En la década de los noventa, México adquirió una reputación infame debido a la serie de feminicidios de ciudad Juárez que fueron enfocados con preocupación por la comunidad internacional. Varios organismos hicieron señalamientos sobre la tolerancia e indolencia del estado mexicano ante la brutalidad y la continuidad de los crímenes.

La cifra de mujeres asesinadas entre 1993 a 2005 se ha ubicado en 374 a lo largo de esos 12 años. Pero agrupaciones de la sociedad civil, entre las que destacan las que se formaron por madres y familiares de las jóvenes asesinadas, refieren que los números oficiales son conservadores y no reflejan una aproximación real a la cantidad de crímenes cometidos.

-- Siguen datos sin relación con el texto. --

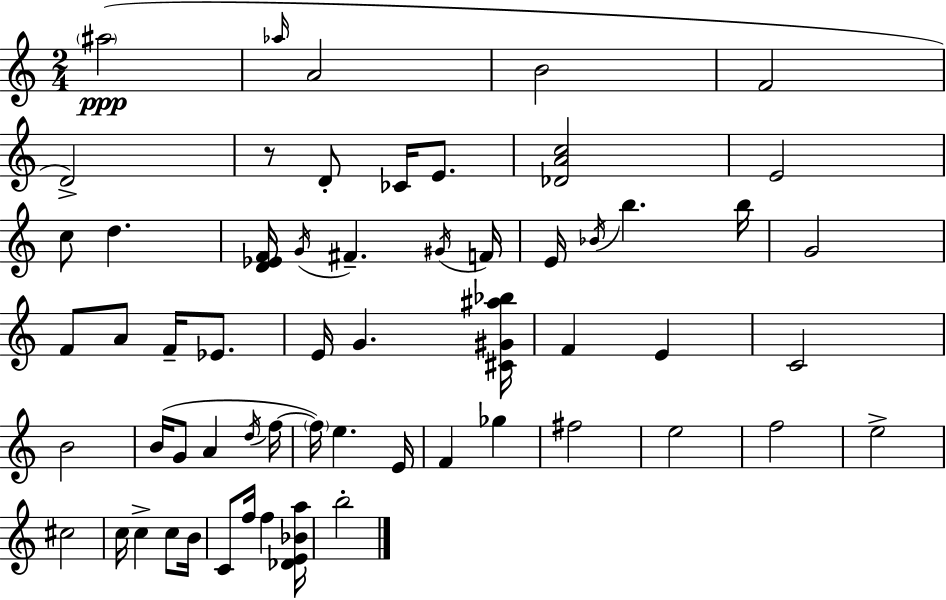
A#5/h Ab5/s A4/h B4/h F4/h D4/h R/e D4/e CES4/s E4/e. [Db4,A4,C5]/h E4/h C5/e D5/q. [D4,Eb4,F4]/s G4/s F#4/q. G#4/s F4/s E4/s Bb4/s B5/q. B5/s G4/h F4/e A4/e F4/s Eb4/e. E4/s G4/q. [C#4,G#4,A#5,Bb5]/s F4/q E4/q C4/h B4/h B4/s G4/e A4/q D5/s F5/s F5/s E5/q. E4/s F4/q Gb5/q F#5/h E5/h F5/h E5/h C#5/h C5/s C5/q C5/e B4/s C4/e F5/s F5/q [Db4,E4,Bb4,A5]/s B5/h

Desde hace algunos años, el drama de Juárez ha sido rebasado, sin dejar de ser motivo de preocupación, por otra área del territorio nacional, ya de por sí notorio en su conjunto por la generalidad de la violencia de género y feminicidio; se trata del Estado de México que se torna aún más alarmante por la tasa de feminicidios e impunidad que supera todas las estadísticas por estado.

En el 2017 se registraron en la entidad más de 300 homicidios dolosos de mujeres (no todos se han tipificado como feminicidios) a pesar de que se activó la Alerta de Violencia de Género (AVG) para este estado en el 2015. Lo que va del 2018 tampoco muestra una tendencia positiva, ya que los feminicidios continúan a la alza consumados con expresiones de violencia sumamente atroces.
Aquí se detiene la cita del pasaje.